I think that's it. It's a long-ish list, but I still have to say I'm jealous of a lot of you folks on this thread.


----------



## Big_Daddy

Some great stories here!

I've mentioned knowing Kim Mitchell when we were teens, blah, blah, blah.

In 1976, our bluegrass band played a few concerts around Toronto. We opened for Flatt and Scruggs and met them backstage at an outdoor event in Mississauga. They were pretty snobby and not very friendly.

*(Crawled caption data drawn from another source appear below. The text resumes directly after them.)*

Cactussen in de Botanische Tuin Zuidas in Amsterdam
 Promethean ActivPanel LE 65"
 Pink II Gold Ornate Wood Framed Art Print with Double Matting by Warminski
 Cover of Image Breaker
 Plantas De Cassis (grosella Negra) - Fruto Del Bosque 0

At Mariposa, we were behind the stage, standing in a circle, warming up and enjoying a doob. I went to pass it to my left to the banjo player and noticed Gordon Lighfoot was standing beside me. He smiled and said, "Do you mind if I join you?" I thought he meant "can I have a toke?" so I passed him the joint. He really just wanted to play along with us. DOH! Anyway, he did a quick look around to see if anyone was watching, took a couple of tokes, and passed it along. He hung around for a few tunes and very politely thanked us and moved on. Nice guy.

In the early 70's, I lived in a farmhouse/slash commune north of London with a bunch of hippies and musicians. We had a string of well-known people pass through there on a regular basis...Perth County Conspiracy, Stan Rogers, Murray McLaughlin and pretty much anyone else who was playing the local coffee house circuit. My memory is a little hazy if you know what I mean.:smile:

In 1980, I was living and gigging around Austin, Texas. I went to an open mic at a club out in the hill country and wound up jamming on stage for a few tunes with Jimmy Vaughn and the Fabulous Thunderbirds. Another very quiet, polite guy.


----------



## shoretyus

Big_Daddy said:


> S
> In 1976, our bluegrass band played a few concerts around Toronto. We opened for Flatt and Scruggs and met them backstage at an outdoor event in Mississauga. They were pretty snobby and not very friendly.


I had dinner next to Randy and Earl when they were the Scruggs review and they were friendly. 

I have played with Joe Hall a few times. A good friend is doing a bunch of recording at Joe's studio.


----------



## Leif H

Back in '82 I think, I was and taking music lessons at the Music Shoppe, I would drool over the guitars before and after lessons.

After a lesson one day, I was playing a Les Paul or something I couldn't afford, some skinny long haired guy sat down beside me and plugged in, and demanded we have a jam.

I realized it was Kim Mitchell, and he was up to having some fun, I was kind of shocked, and blurted out you're Kim Mitchell" He had a laugh and said "and you're not"
I think we did some 12 bar blues for a minute or so, I was really really bad, nervous and basically sucked. 

He then jumped up all full of beans and took off to speak with Paul about renting / buying / borrowing a bass or some gear. 

It was a laugh, he made my day.

This was when he was recording the mini LP.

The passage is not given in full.